# Resume

## Main conclusions from this chat

1. The main issue is data/sample construction, not just checkpoint choice.
- `class_id` is token-level.
- labels are context-level and depend on sampled `T_cutoff`.
- balanced token classes do not imply balanced future outcomes.
- the model can easily learn an over-negative prior if the cache is built naively.

2. Cache balancing must happen at cache generation time.
- train-time weighting is too late to fix disk waste or missing context diversity.
- the cache should control:
  - class balance
  - good/bad context balance within class

3. Validation needed token isolation, not just class balancing.
- same token appearing in train and val through different contexts makes validation misleading.
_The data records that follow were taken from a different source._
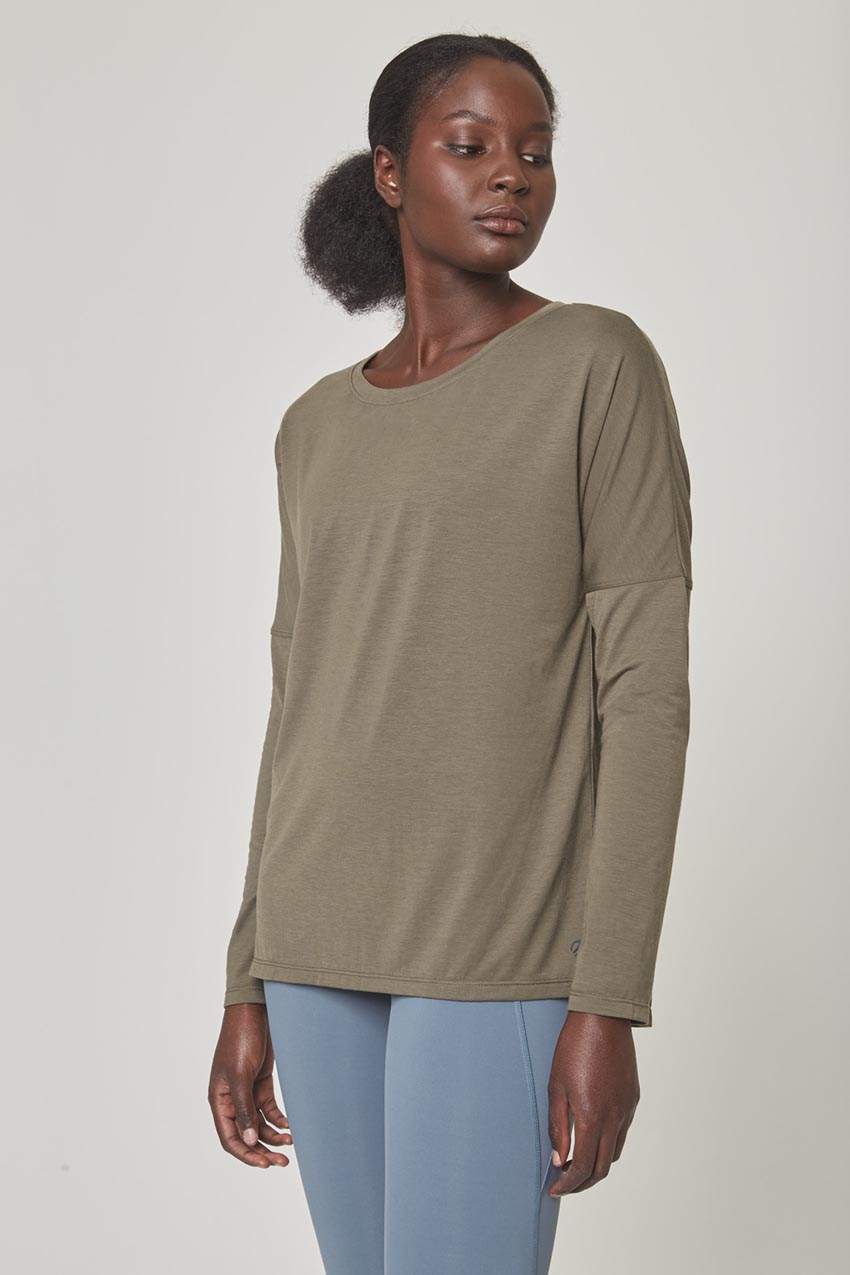 Dynamic Recycled Cover-Up Stink-Free Long Sleeve Top - Sale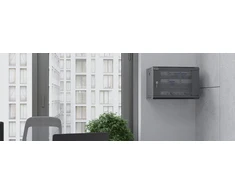 Lanberg Sieninė instaliacinė spintelė 19" 4U 600X600 | WF01-6604-23B | Juodas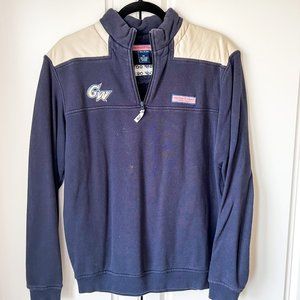 Vineyard Vines GWU Shep Shirt, Quarter Zip Limited Edition Unisex XS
4. Movement-threshold circularity is not the main blocker anymore.
- movement labels are downstream of realized returns.
- movement thresholds should not control cache construction.

5. OHLC is important, but current usage looks like trend/regime summary, not true pattern detection.
- the chart branch is being used.
- but probe tests suggest it is mostly acting as continuation/trend context.
- not as breakout / support-resistance / head-and-shoulders intelligence.

6. The current code is still regression-first.
- main target is multi-horizon return prediction.
- there is also:
  - quality head
  - movement head
- calling movement auxiliary only matters if its loss contribution is actually secondary.

## What was implemented in code

### 1. Validation split
- `train.py`
- validation split was changed to group by token identity (`source_token` / `token_address`) instead of only `class_id`.

### 2. Task tracker
- `TASK_LIST.md`
- created as the running checklist for this work.

### 3. Context weighting signal
- `data/data_loader.py`
- added a context-quality summary derived from realized multi-horizon returns.
- current code computes:
  - `context_score`
  - `context_bucket` (`good` / `bad`)
- this is used for weighting and cache metadata.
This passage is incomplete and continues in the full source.